When man began to multiply on the face of the land and daughters were born to them, the sons of God saw that the daughters of man were attractive. And they took as their wives any they chose. Then the Lord said,“My Spirit shall not abide in man forever, for he is flesh: his days shall be 120 years.” The Nephilim were on the earth in those days, and also afterward, when the sons of God came in to the daughters of man and they bore children to them. These were the mighty men who were of old, the men of renown.” (Gen. 6:1-4; ESV)

It sounds to me, both in Hebrew and here in English as the ESV translates, as if the Nephilim were around before these unions came to be, meaning they could not be the offspring. If this is the case, however, we are left with very little information on the Nephilim. There is one other occurrence of the word in the Old Testament which I will return to shortly. For various reasons which I will explain, I don’t think it helps us much in identifying them.

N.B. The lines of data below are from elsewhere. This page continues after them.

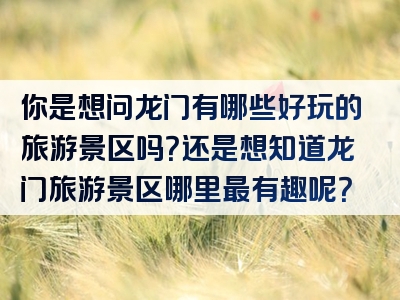 你是想问龙门有哪些好玩的旅游景区吗？还是想知道龙门旅游景区哪里最有趣呢？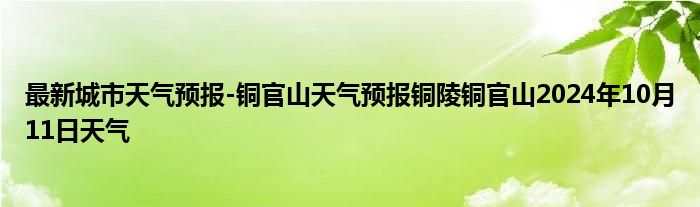 最新城市天气预报-铜官山天气预报铜陵铜官山2024年10月11日天气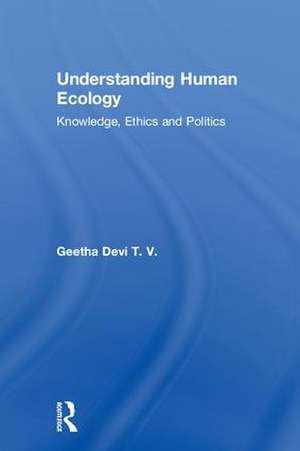 Understanding Human Ecology: Knowledge, Ethics and Politics de Geetha Devi T. V.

So really we are left with just the word itself and we must resort to looking at its etymology and its usage in other languages. In Hebrew there is a root npl which means to fall. Nephilim, then, could be translated as “the fallen ones.” It is tempting to connect this term with the fallen angels. While I do not subscribe to this interpretation (see part 2), many people identify the sons of God with the rebellious angels who were cast out with Satan. My gut feeling is that this is a more modern use of the word. And it is certainly not the only sense in which can be “fallen.” The Anchor Bible Dictionary suggests that they may be fallen in the sense of one who has fallen in battle. In other words, their name would merely indicate that they are extinct — long gone — no more. They are “the ones that were.”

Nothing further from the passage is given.